Task goal>
Take the lines below from the one with "GERÄUMIGES WOHNHAUS FÜR MEHRERE GENERATIONEN" through the one with "Used 2023 Toyota" and retype them exactly. Include nothing else, and no pictures.

Supplied records>
Content starts

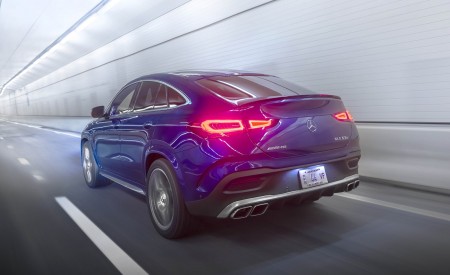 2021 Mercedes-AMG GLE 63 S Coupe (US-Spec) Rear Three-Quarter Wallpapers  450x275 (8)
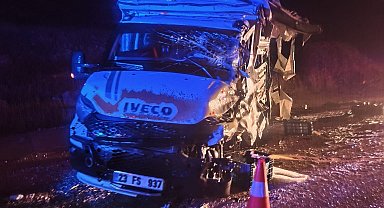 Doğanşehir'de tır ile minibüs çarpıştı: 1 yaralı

Content ends
Content starts

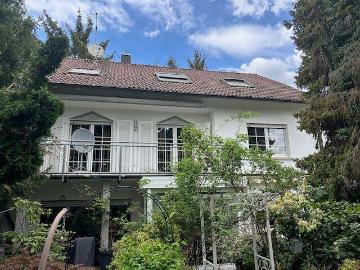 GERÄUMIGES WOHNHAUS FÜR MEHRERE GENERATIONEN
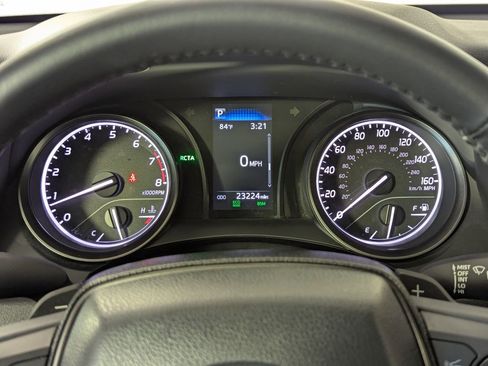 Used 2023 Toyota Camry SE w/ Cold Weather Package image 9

Content ends

Solution>
 GERÄUMIGES WOHNHAUS FÜR MEHRERE GENERATIONEN
 Used 2023 Toyota Camry SE w/ Cold Weather Package image 9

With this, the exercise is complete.